Task item: Could you retype the lines below, starting at the line holding "Japanese used car" and stopping at the line holding "Used Peugeot 208", inclusive? Copy them exactly and drop the images.

Source material:
---------------
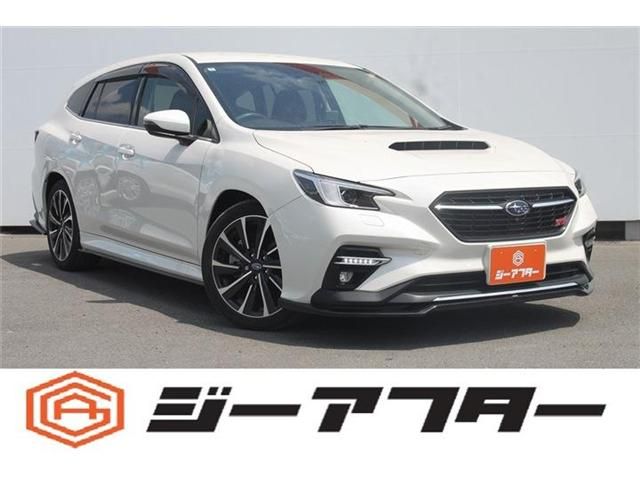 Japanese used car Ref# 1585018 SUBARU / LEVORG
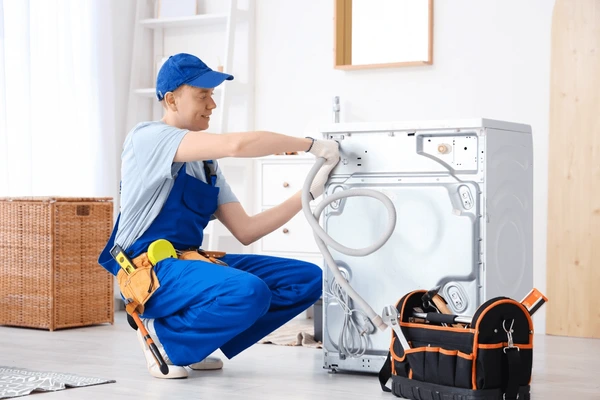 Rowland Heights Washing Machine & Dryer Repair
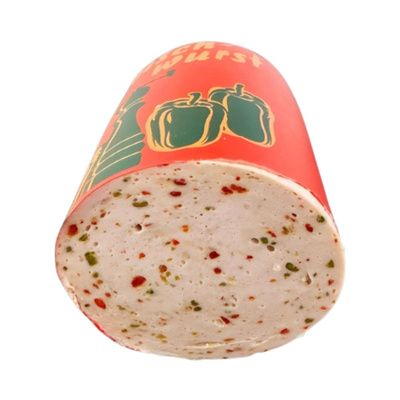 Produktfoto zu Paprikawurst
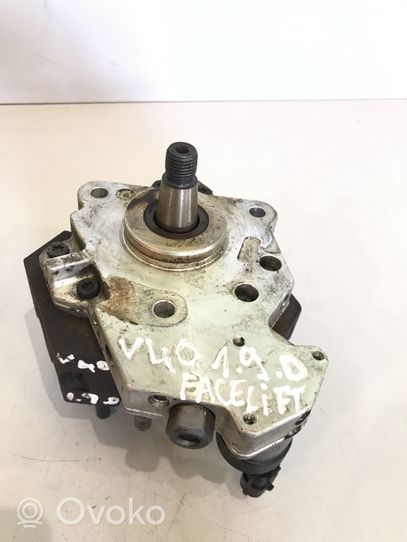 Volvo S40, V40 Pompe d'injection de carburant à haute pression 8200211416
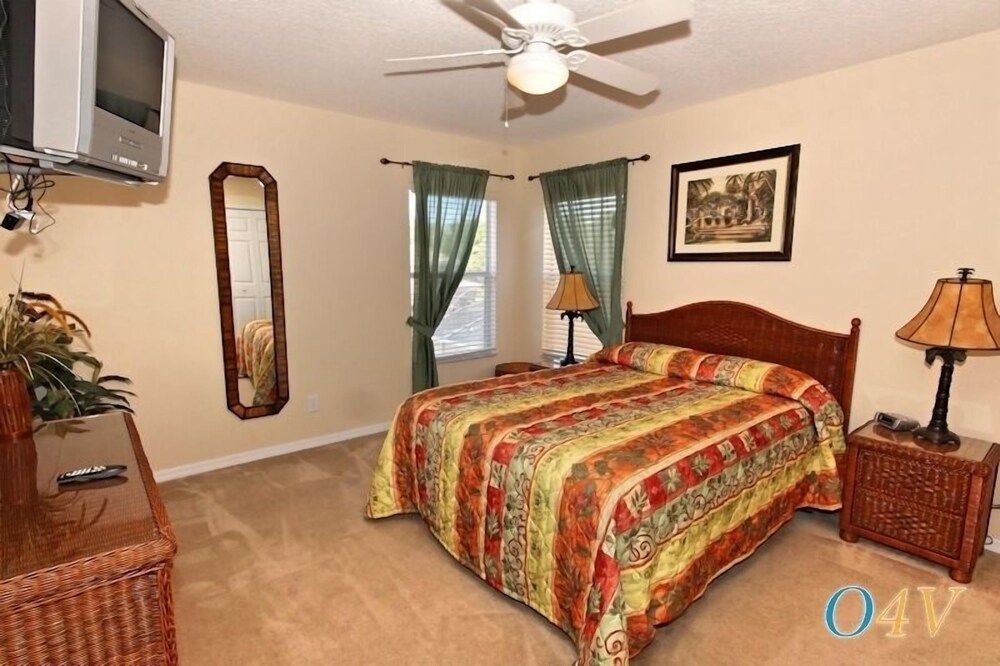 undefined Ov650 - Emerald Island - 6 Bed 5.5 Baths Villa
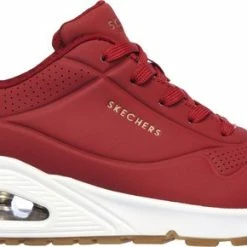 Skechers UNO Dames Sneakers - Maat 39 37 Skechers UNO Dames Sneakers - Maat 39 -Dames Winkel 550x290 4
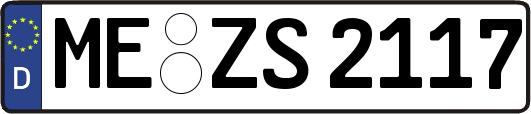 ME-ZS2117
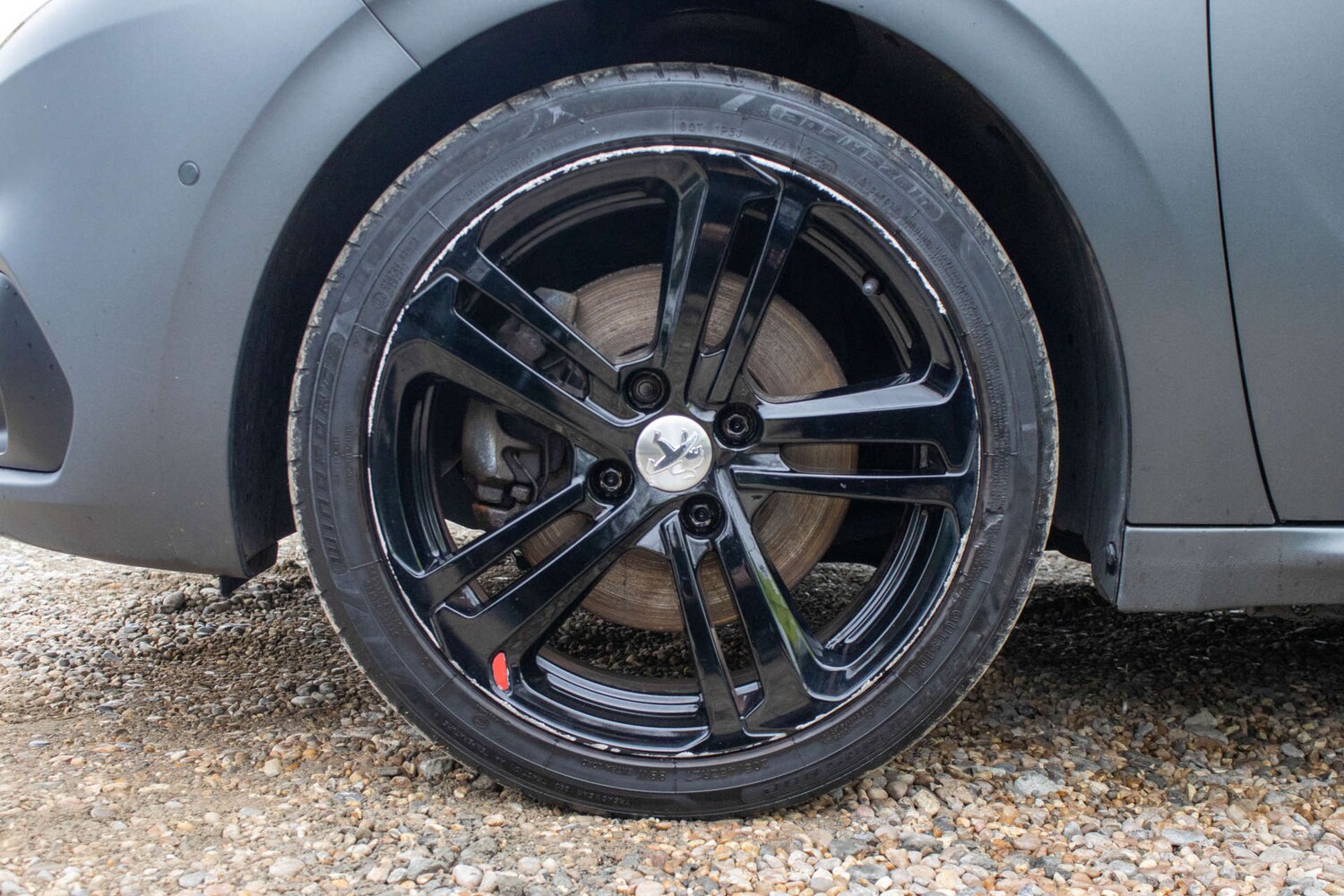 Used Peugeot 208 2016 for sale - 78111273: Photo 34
---------------
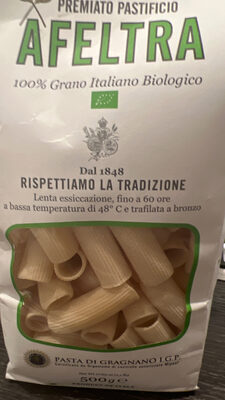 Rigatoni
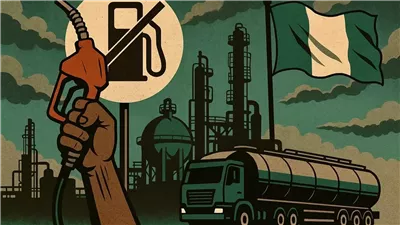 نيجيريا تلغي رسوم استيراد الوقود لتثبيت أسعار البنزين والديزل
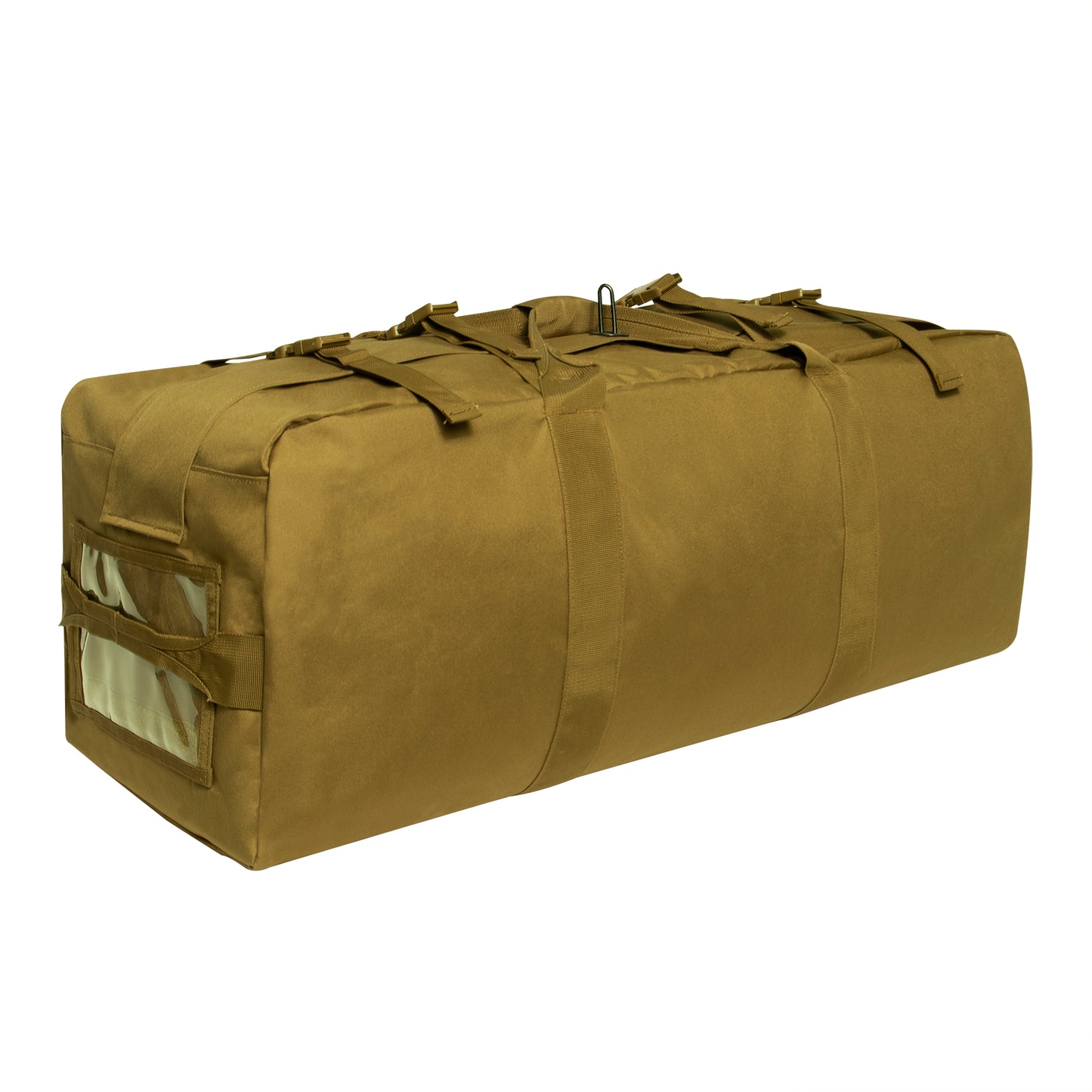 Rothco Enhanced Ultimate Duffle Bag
---------------
Solution:
 Japanese used car Ref# 1585018 SUBARU / LEVORG
 Rowland Heights Washing Machine & Dryer Repair
 Produktfoto zu Paprikawurst
 Volvo S40, V40 Pompe d'injection de carburant à haute pression 8200211416
 undefined Ov650 - Emerald Island - 6 Bed 5.5 Baths Villa
 Skechers UNO Dames Sneakers - Maat 39 37 Skechers UNO Dames Sneakers - Maat 39 -Dames Winkel 550x290 4
 ME-ZS2117
 Used Peugeot 208 2016 for sale - 78111273: Photo 34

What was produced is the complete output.